A few different options, I'm not sure which is "correct". 1) I spent quite a lot of time trying to figure out how the "wrongurl" host was getting picked up by the CLI. Maybe I'm dumb but I did not expect commands like databricks clusters to infer from the bundle config. 2) If it is inferring config from the bundle, I think it should output that it is doing so, so it's clear. I spent waaaay too much time debugging .databrickscfg and environment variables trying to figure out where the host was coming from 3) Maybe it would make sense to embed more "infer from bundle" commands within databricks bundle and leave databricks <command> to stick to .databrickscfg / env vars etc.

Actual Behavior

CLI inferred host from the bundle in the same path.

OS and CLI version

Tried on both v0.209.1 and v0.217.1

Is this a regression?

I didn't check, but I suspect this behavior changed when bundles were added.

Some additional background. In this case the CI/CD is deploying a bundle, however as part of the deployment we connect to another workspace and use databricks-connect to execute some ddl updates to keep a legacy hive metastore up to date. This connect was running in a seperate github actions job isolated from the bundle deploy, so it was very unexpected that the CLI was still picking up the bundle host.

andrewnester commented 5 months ago

Hi! Even though confusing, this is a behaviour made by design when using bundles to optimise for DABs experience, e.g. creating clusters for your bundle jobs or list pipeline or job runs for your bundle and etc.

I spent quite a lot of time trying to figure out how the "wrongurl" host was getting picked up by the CLI.... If it is inferring config from the bundle, I think it should output that it is doing so, so it's clear.

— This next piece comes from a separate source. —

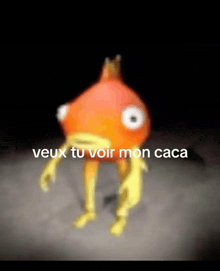 a cartoon fish with the words veux tu voir mon caca on the bottom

You can use databricks auth describe command which can help you figure out where certain config values are coming from. In this case it will indicate that host value is coming from bundles

brookpatten commented 5 months ago

I get what you're saying, but when i'm specifying -p profile there is no ambiguity about what I'm trying to do. It's unintuitive that the cli confuses inferred bundle config over an explicit flag. Explicit flags should have precedence.

brookpatten commented 5 months ago

One additional point which may contribute to confusion: databricks vscode extension does not appear to follow this same logic and infer from bundle. If it was consistent across tools it would make more sense.

NodeJSmith commented 4 months ago

FWIW, I've raised a similar issue after spending a considerate amount of time troubleshooting a similar auth issue.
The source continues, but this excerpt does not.